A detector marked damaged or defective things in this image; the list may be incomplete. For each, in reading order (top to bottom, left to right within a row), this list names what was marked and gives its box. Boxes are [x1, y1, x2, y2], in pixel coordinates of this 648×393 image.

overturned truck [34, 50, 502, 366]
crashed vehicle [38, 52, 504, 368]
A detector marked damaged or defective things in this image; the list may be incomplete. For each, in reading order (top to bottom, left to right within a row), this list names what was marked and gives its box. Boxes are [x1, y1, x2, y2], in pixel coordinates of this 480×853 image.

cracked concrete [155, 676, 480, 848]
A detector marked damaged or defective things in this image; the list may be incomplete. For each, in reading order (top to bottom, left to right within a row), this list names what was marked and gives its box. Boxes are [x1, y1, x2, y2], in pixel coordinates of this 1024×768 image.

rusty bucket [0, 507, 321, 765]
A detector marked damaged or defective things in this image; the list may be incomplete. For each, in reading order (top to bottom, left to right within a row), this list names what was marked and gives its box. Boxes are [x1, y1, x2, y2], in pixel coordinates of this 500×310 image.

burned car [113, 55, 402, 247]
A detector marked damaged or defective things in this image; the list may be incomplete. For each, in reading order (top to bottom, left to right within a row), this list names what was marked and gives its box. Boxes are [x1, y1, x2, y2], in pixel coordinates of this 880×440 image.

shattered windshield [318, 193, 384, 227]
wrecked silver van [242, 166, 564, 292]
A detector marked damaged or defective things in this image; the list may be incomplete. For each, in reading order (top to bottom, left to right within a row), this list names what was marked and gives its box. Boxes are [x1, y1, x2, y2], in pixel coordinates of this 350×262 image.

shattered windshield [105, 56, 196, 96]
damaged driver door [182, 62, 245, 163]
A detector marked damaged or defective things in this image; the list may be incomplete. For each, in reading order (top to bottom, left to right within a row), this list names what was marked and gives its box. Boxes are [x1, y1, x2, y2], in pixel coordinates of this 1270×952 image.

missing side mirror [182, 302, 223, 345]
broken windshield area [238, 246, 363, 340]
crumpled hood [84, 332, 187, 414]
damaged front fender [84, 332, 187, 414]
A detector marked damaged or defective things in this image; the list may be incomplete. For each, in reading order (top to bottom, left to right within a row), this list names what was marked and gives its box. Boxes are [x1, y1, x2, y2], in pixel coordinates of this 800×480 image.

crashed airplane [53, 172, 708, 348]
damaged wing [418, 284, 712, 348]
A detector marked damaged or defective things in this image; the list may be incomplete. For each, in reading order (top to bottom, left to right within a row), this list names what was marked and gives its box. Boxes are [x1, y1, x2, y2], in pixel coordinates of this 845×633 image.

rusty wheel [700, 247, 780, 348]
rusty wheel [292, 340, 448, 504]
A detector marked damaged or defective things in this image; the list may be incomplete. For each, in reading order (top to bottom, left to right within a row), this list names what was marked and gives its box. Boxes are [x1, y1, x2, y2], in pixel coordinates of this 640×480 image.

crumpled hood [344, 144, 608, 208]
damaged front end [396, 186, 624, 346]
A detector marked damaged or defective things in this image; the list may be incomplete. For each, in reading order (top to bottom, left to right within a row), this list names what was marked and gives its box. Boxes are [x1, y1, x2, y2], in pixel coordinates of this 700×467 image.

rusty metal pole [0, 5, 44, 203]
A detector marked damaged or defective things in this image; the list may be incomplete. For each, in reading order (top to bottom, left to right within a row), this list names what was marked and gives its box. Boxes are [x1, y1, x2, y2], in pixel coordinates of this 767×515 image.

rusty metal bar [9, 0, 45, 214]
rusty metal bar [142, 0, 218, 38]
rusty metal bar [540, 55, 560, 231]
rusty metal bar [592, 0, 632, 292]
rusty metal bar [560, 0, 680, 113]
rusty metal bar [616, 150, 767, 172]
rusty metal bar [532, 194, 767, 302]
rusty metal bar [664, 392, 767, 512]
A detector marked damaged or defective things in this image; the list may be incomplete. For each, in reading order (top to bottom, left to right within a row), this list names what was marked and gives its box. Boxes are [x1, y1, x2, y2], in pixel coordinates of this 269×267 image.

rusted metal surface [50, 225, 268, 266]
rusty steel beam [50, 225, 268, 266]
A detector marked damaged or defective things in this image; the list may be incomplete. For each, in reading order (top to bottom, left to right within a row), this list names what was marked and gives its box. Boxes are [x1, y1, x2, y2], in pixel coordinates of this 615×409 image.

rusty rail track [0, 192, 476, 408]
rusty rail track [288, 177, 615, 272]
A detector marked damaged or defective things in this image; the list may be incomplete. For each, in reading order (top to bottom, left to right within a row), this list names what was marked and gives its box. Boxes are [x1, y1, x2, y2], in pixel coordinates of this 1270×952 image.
::::::::
● WORK REQUIRED: The answer should be an exact copy of the lines from the one containing "this 615×409 image." through the last line of the entries, both included.

● EXERCISE OUTPUT:
A detector marked damaged or defective things in this image; the list may be incomplete. For each, in reading order (top to bottom, left to right within a row), this list names what was marked and gives its box. Boxes are [x1, y1, x2, y2], in pixel coordinates of this 615×409 image.

rusty rail track [0, 192, 476, 408]
rusty rail track [288, 177, 615, 272]
A detector marked damaged or defective things in this image; the list may be incomplete. For each, in reading order (top to bottom, left to right within a row), this list names what was marked and gives its box. Boxes are [x1, y1, x2, y2], in pixel coordinates of this 1270×952 image.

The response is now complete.